• _What you have to do_
Produce a verbatim transcription of the entries, with all pictures omitted.

^^^^^^^^^^^^^^^^

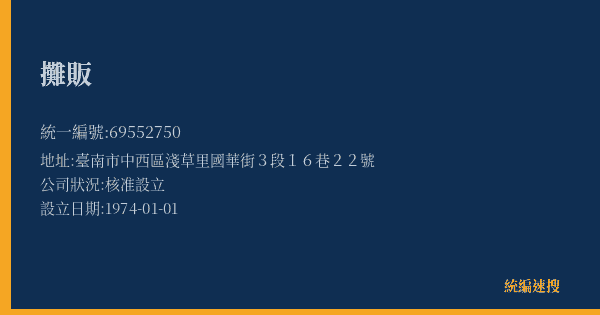 攤販的照片-統編 69552750(臺南市) 公司登記資料與營業項目詳細圖表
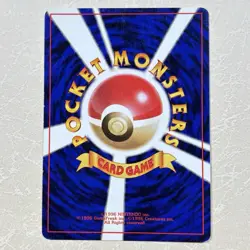 Pokemon Card - Skarmory No.227 Pocket Monster TCG Vintage Retro Japanese F/S - Image 5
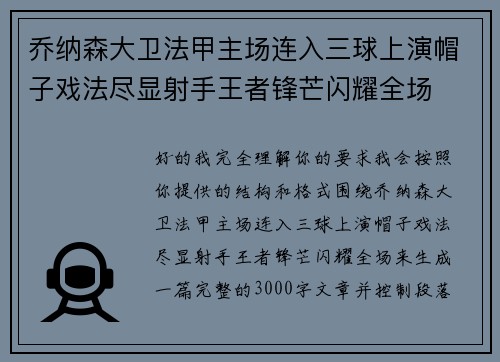 乔纳森大卫法甲主场连入三球上演帽子戏法尽显射手王者锋芒闪耀全场 乔纳森大卫法甲主场连入三球上演帽子戏法尽显射手王者锋芒闪耀全场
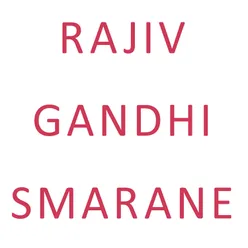 Rajiv Gandhi Smarane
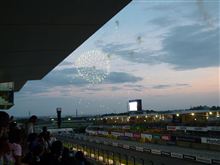 鈴鹿サーキット50周年アニバーサーリーデー 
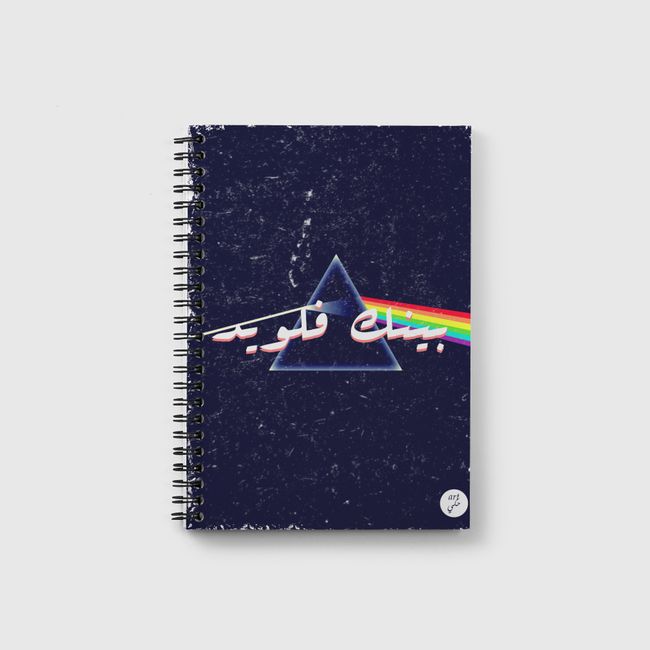 Pink Floyd - Notebook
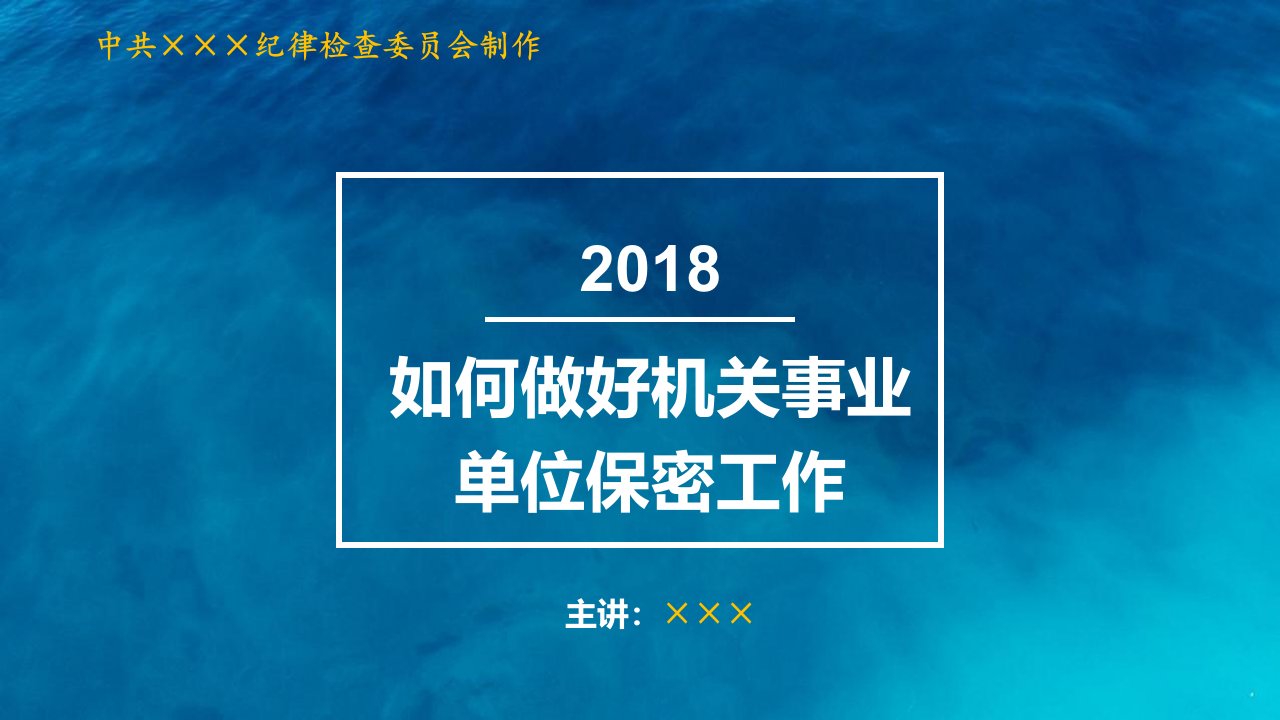 如何做好机关事业单位保密工作课件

^^^^^^^^^^^^^^^^

• _Your solution_
 攤販的照片-統編 69552750(臺南市) 公司登記資料與營業項目詳細圖表
 Pokemon Card - Skarmory No.227 Pocket Monster TCG Vintage Retro Japanese F/S - Image 5
 乔纳森大卫法甲主场连入三球上演帽子戏法尽显射手王者锋芒闪耀全场 乔纳森大卫法甲主场连入三球上演帽子戏法尽显射手王者锋芒闪耀全场
 Rajiv Gandhi Smarane
 鈴鹿サーキット50周年アニバーサーリーデー 
 Pink Floyd - Notebook
 如何做好机关事业单位保密工作课件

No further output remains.